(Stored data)
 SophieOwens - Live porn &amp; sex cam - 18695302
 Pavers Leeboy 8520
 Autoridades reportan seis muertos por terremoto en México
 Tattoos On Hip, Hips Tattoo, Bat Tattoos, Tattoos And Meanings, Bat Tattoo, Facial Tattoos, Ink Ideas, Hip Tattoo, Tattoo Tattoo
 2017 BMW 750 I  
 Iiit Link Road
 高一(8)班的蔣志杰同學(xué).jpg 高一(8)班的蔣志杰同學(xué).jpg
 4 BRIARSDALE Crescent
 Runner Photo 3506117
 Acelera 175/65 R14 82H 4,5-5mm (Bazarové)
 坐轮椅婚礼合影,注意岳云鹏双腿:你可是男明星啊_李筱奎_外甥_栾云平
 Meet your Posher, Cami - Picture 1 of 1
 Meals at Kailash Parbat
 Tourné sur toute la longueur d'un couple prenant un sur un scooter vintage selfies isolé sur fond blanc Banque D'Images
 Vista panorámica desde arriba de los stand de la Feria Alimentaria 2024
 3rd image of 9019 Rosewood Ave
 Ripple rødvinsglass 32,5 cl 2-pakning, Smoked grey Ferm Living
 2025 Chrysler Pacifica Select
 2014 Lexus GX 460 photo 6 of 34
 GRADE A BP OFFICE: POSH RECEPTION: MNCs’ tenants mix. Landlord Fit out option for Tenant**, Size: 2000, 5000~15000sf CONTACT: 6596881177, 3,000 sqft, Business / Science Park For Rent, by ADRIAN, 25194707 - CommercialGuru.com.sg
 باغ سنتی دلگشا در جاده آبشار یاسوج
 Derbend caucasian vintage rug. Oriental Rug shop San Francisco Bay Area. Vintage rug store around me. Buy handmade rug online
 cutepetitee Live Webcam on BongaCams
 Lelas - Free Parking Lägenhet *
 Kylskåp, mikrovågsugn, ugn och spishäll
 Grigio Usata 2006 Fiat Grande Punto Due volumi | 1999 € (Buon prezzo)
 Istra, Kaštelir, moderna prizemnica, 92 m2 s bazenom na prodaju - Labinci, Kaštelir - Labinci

ASSIGNMENT
Among the records above, extract exactly the lines from the line with "高一(8)班的蔣志杰同學(xué).jpg 高一(8)班" to the line with "GRADE A BP OFFICE: POSH", both lines included, and leave out the rest.

SOLUTION TO THIS PROBLEM
 高一(8)班的蔣志杰同學(xué).jpg 高一(8)班的蔣志杰同學(xué).jpg
 4 BRIARSDALE Crescent
 Runner Photo 3506117
 Acelera 175/65 R14 82H 4,5-5mm (Bazarové)
 坐轮椅婚礼合影,注意岳云鹏双腿:你可是男明星啊_李筱奎_外甥_栾云平
 Meet your Posher, Cami - Picture 1 of 1
 Meals at Kailash Parbat
 Tourné sur toute la longueur d'un couple prenant un sur un scooter vintage selfies isolé sur fond blanc Banque D'Images
 Vista panorámica desde arriba de los stand de la Feria Alimentaria 2024
 3rd image of 9019 Rosewood Ave
 Ripple rødvinsglass 32,5 cl 2-pakning, Smoked grey Ferm Living
 2025 Chrysler Pacifica Select
 2014 Lexus GX 460 photo 6 of 34
 GRADE A BP OFFICE: POSH RECEPTION: MNCs’ tenants mix. Landlord Fit out option for Tenant**, Size: 2000, 5000~15000sf CONTACT: 6596881177, 3,000 sqft, Business / Science Park For Rent, by ADRIAN, 25194707 - CommercialGuru.com.sg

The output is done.